DATASET CONTENT START
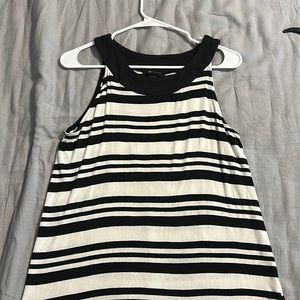 Striped Tank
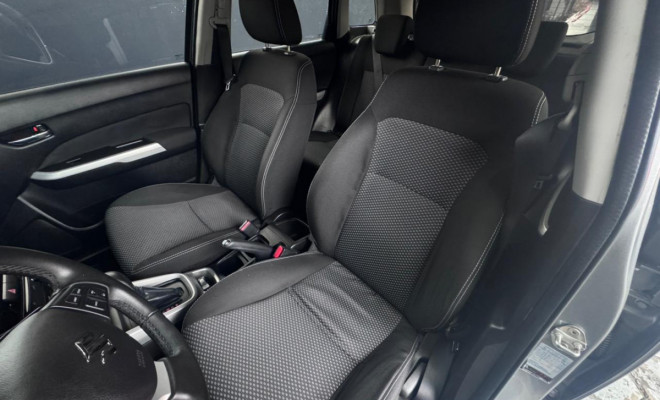Suzuki Vitara 4YOU 1.6 16V Aut. 2018 Gasolina-9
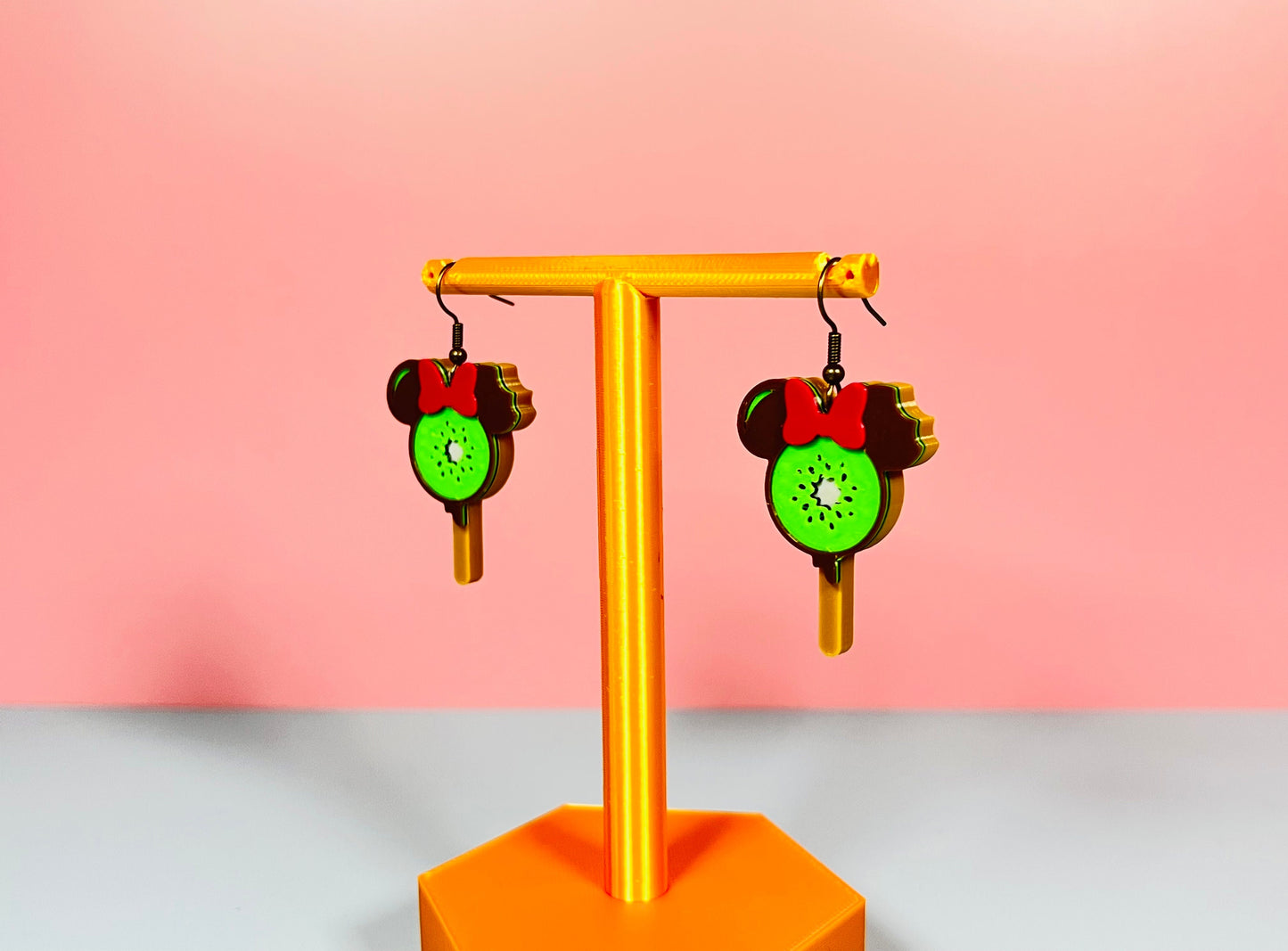 
                  
                    Mouse Kiwi Popsicle Earrings
                  
                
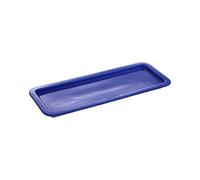 Vassoio da Portata 36 x 14 cm Blu Scuro in Ceramica
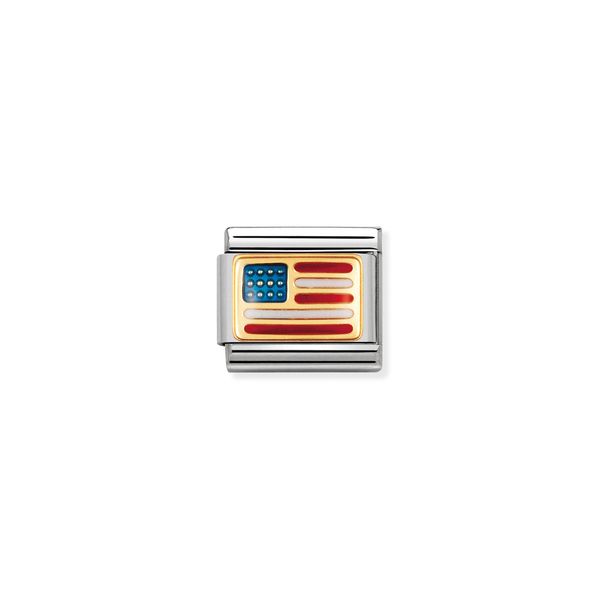 NOMINATION CHARM Gray's Jewelers Bespoke Saint James, NY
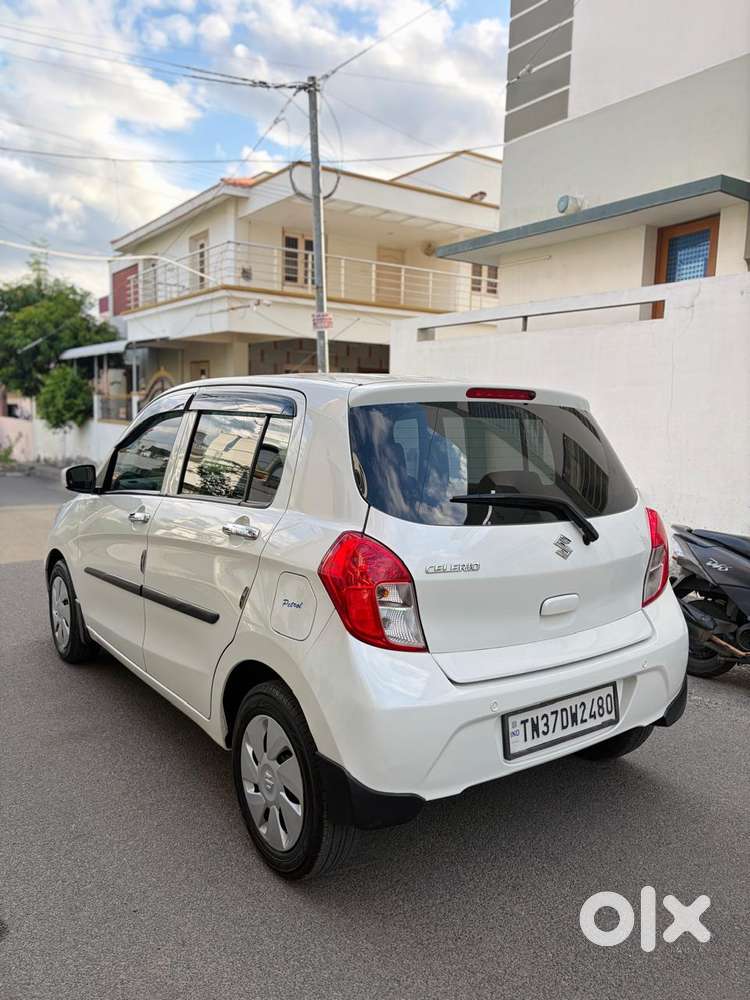 Maruti Suzuki Celerio Zxi Mt, 2019, Petrol
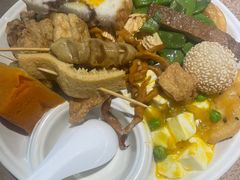 -素心素食(翠苑店)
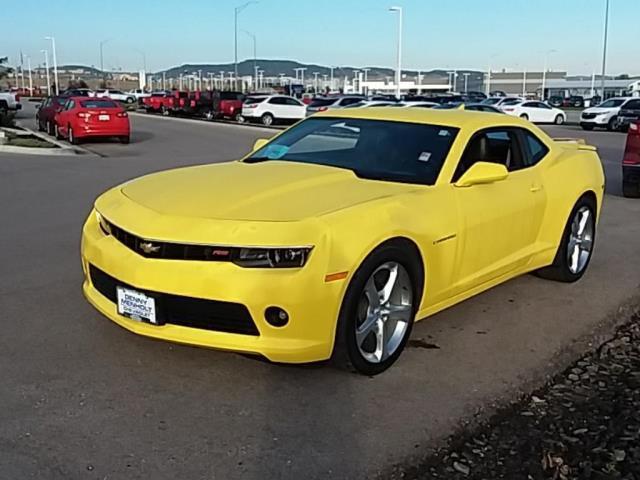2014 chevrolet camaro lt lt 2dr coupe w/2lt for sale in jolly acres, south dakota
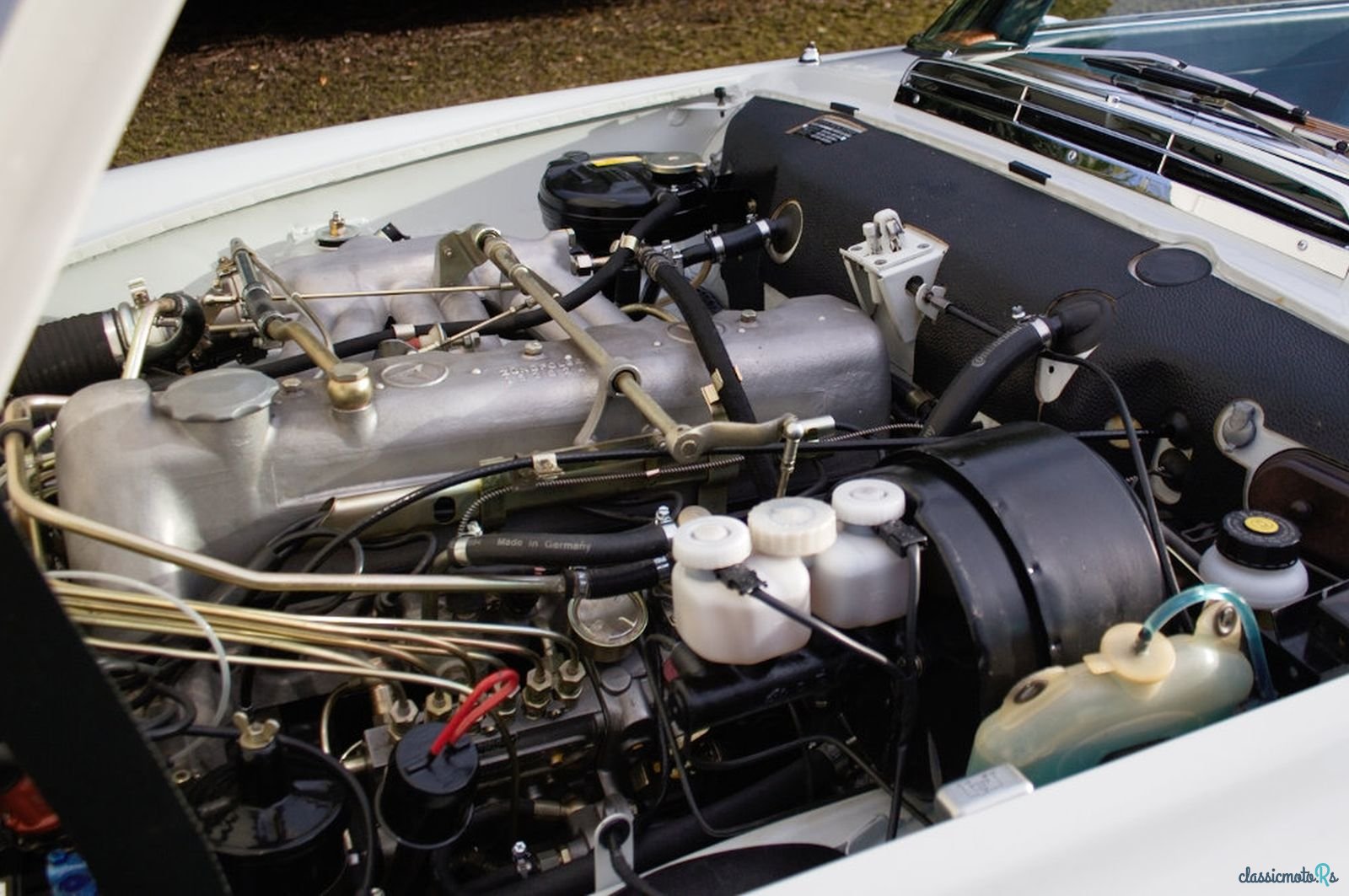 1964' Mercedes-Benz 230 photo #3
DATASET CONTENT END
[DIRECTIONS] Using the listing above, set down exactly each line from the one containing "Maruti Suzuki Celerio Zxi Mt, 2019, Petrol" through the final line, and leave out pictures.

[TASK SOLUTION]
 Maruti Suzuki Celerio Zxi Mt, 2019, Petrol
 -素心素食(翠苑店)
2014 chevrolet camaro lt lt 2dr coupe w/2lt for sale in jolly acres, south dakota
 1964' Mercedes-Benz 230 photo #3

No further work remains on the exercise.